MOSCOW, January 16 (RIA Novosti) - The first bell of an ensemble belonging to Moscow's St. Daniel's Monastery belfry has returned to Moscow after chiming for over 70 years in the United States, a spokesman for a cultural and historical heritage foundation said Saturday.

The two-ton bell is the fourth largest of 18 bells sold by the Bolsheviks to a U.S.-based industrialist in 1930, who subsequently gave them to Harvard University.

"An aircraft from New York has just landed at Sheremetyevo Airport with the bell on board," said Alexander Petrov of Svyaz Vremyon (Link of Times).

The bell will be open to the public September 12 during St. Daniel's commemoration ceremony.

The St. Daniel's Monastery ensemble of bells was put together over a period of two centuries. The largest of its three major bells, weighing about 12 tons, was cast in 1890 at the Finlandsky plant, in Moscow.

Under a deal signed in March, the remaining 17 bells are to return by the fall of 2008.
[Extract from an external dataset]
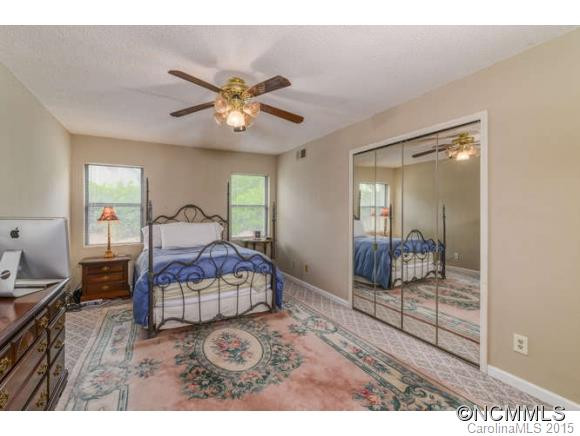1206 Abbey Circle - Photo 15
In the 1930s, Soviet authorities closed the cloister down, and were planning to recast its belfry. But the U.S. industrialist Charles Crane signaled that he was willing to buy the bells for the price of their bronze.

He then offered them as a gift to Harvard University, and in 1931 they were installed in the tower of a newly built campus dorm, Lowell House, to chime for a quarter of an hour every Sunday and holiday, as well as to signal football games.

Attempts to return the bells have been ongoing since the 1980s, but progress was made only in 2004, when Svyaz Vremyon assumed all the costs of the repatriation.

Making replicas of the bells was one of the terms of the deal, and the copies arrived in New York in late August.

Russian Orthodox Church Patriarch Alexy II called the replicas "the best church art in modern history" and consecrated them before their departure.